The regulatory legal practice of those advising clients on sweepstakes and contests has historically been all about avoiding lotteries and gambling. Yet, in some ways, and even under the law of many U.S. jurisdictions, sweepstakes and contests are a form of lottery or gambling, just not the illegal kind. The line between lawful and unlawful lotteries and prize competitions is sometimes clear and sometimes not. Sometimes a merchant will take a well-trodden path with a promotional structure that the public recognizes clearly as a classic promotional giveaway. Sometimes, a merchant will want to tap into that “essential element,” the gambling spark, delivering a sense of excitement, of something “real.” And sometimes, as this article from the Washington Post explains, there are businesses that have merged the concepts of sweepstakes and gambling so thoroughly that they’re barely distinguishable.
The gambling spark is even more sought after today than it was less than a decade ago. That’s because gambling is everywhere. Not just promotions with gambling themes. Real, live gambling. And, it’s increasingly legal throughout the U.S. Concerns about the “gambling instinct” or the “public nuisance” of gambling seem quaint when we have online casinos and sports books advertising constantly and where states are heavily invested in building out their licensing regimes to accommodate the demand for gaming.

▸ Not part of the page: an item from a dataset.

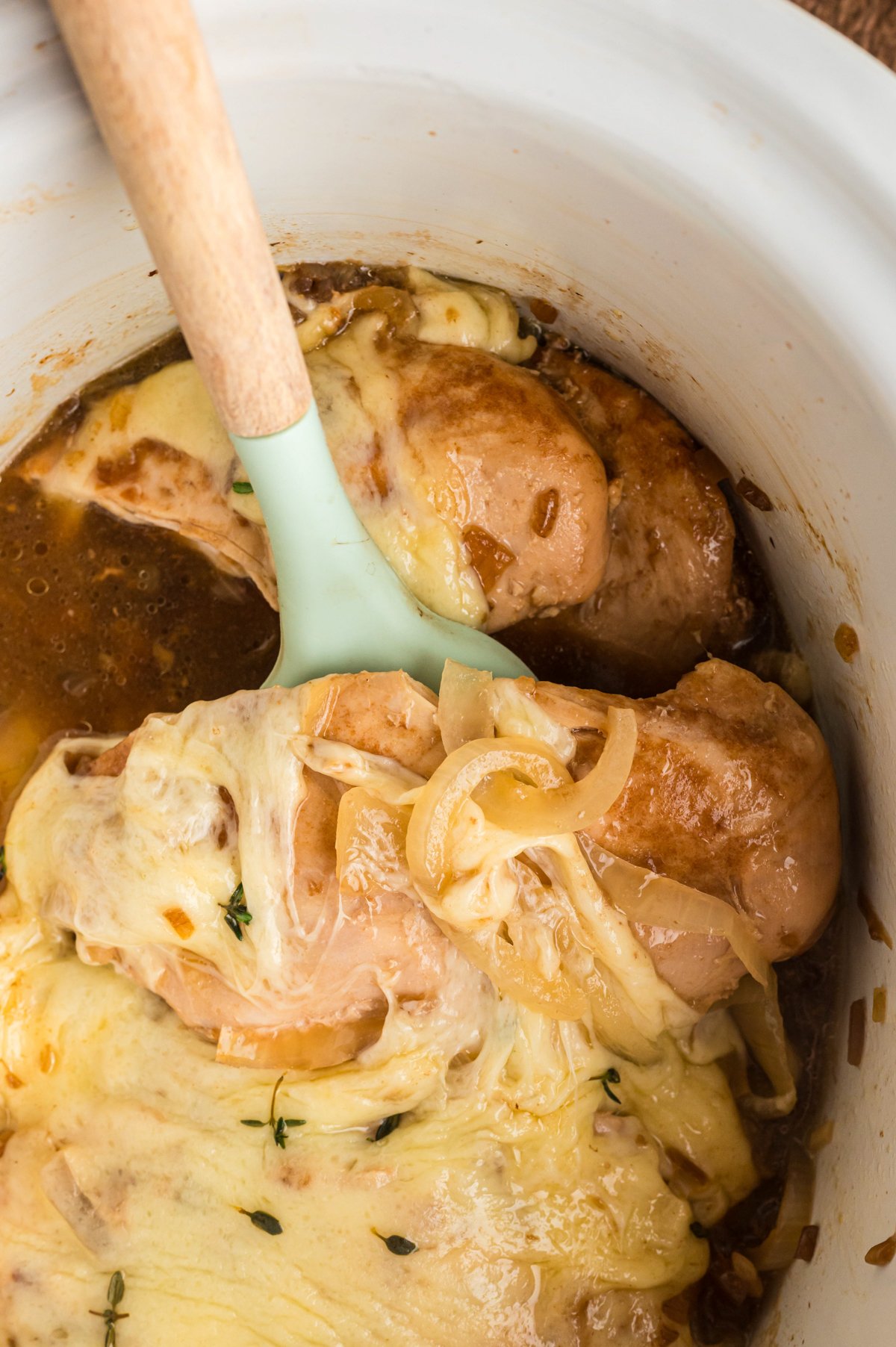 close up of french onion chicken on a spatula.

There are video games that offer real-world prizes and allow for money payments to play games ostensibly consisting of skill-based activities. These “social” games are sometimes licensed as gaming devices depending on how they operate and the individual state, and sometimes they are simply played on your phone, linked to a bank account, and played for real money. As described in the Post article, some so-called “sweepstakes games” purport to offer “free” games of chance for real-world prizes, using “free” tokens obtained with the purchase of other in-game tokens that can be used for playing games of chance that do not award real-world prizes. Such “free” tokens usually can be obtained without purchase with an “alternative method of entry.” Thus, on the surface the traditional “open participation” model of a traditional commercial sweepstakes is being used to create the impression of mere promotion marketing. But, as the article relates, the structure of such “sweepstakes games” appears to be a hair’s breadth away from virtually unregulated online gaming, with all of the attendant social and potentially legal implications.